第2回 佛法値うこと希れなり ―仏性の存在に気づく―
佛法値(ぶっぽうあ)うこと()れなり
仏法(お釈迦様のお悟り・み教えと出会うこともまた、人間としてのいのちをいただき、生かされていることと同様に奇跡であるということです。

そもそも、仏法は「私たち人間がよりよく生きていくための方策が示されたもの」であり、「様々な苦悩を抱えながら生かされている我々が、どうやって苦悩から救われていくかが示されたもの」でもあります。また、先祖供養の観点からいけば、多くのご先祖様の存在によって、「今という時間」・「ここという場所」い生かされていることに気づいたとき、どうやってご先祖様のご恩に報いていけばいいのか、すなわち、「先祖への報恩の方策が示されたもの」とも捉えることができるでしょう。
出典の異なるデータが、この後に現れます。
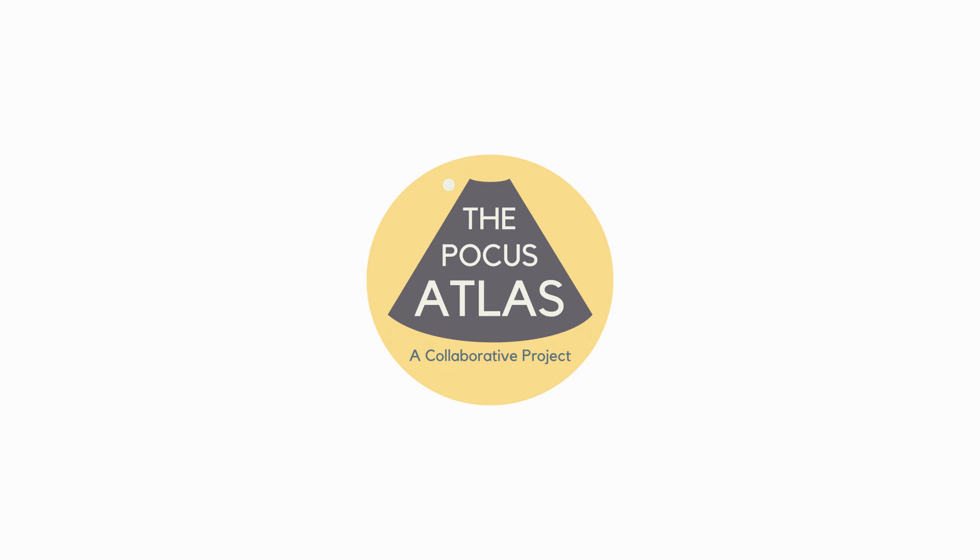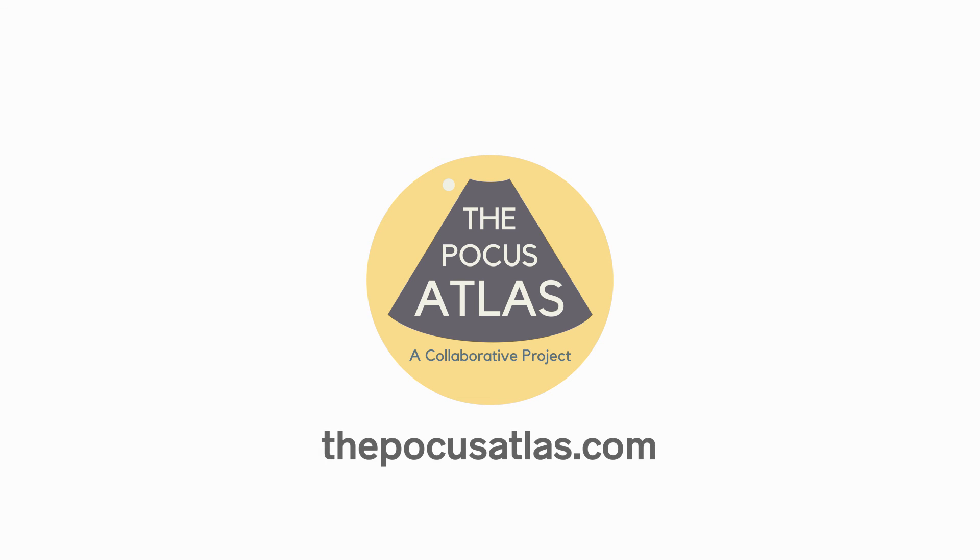For more information on our exciting project, how to contribute, or to check out our growing archive, please visit us at thepocusatlas.com. We look forward to seeing you there.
こんなお話をお聞きしたことがあります。会社経営に行き詰まり、どうにも立ち行かなくなってしまったA氏は、とうとう断崖絶壁から身を投げる決意をしました。ところが、いざ、身を投げようとしたとき、以前、氏がどこかで耳にしたことのあるお話だったのでしょう、「我がいのちは御仏の御いのち」というフレーズが頭を()ぎったというのです。その瞬間、氏は身を投げるのを止め、新たな職に就くと共に、何とか借財を返済しながら、生計を立て直すことができたというのです。

このA氏の脳裏をかすめた「我がいのちは御仏の御いのち」というフレーズは曹洞宗の開祖・道元禅師様がお示しになった「仏性(ぶっしょう)」と相通ずるものです。仏性は誰もが有する「仏に成れる性質・いのち」を指します。皆様方はご自身が仏性を有した存在であることをご存じでしたか?(当該会場ではお一人だけ挙手されました)いかに、「仏法値うこと希れなり」かが伺えますね(笑)。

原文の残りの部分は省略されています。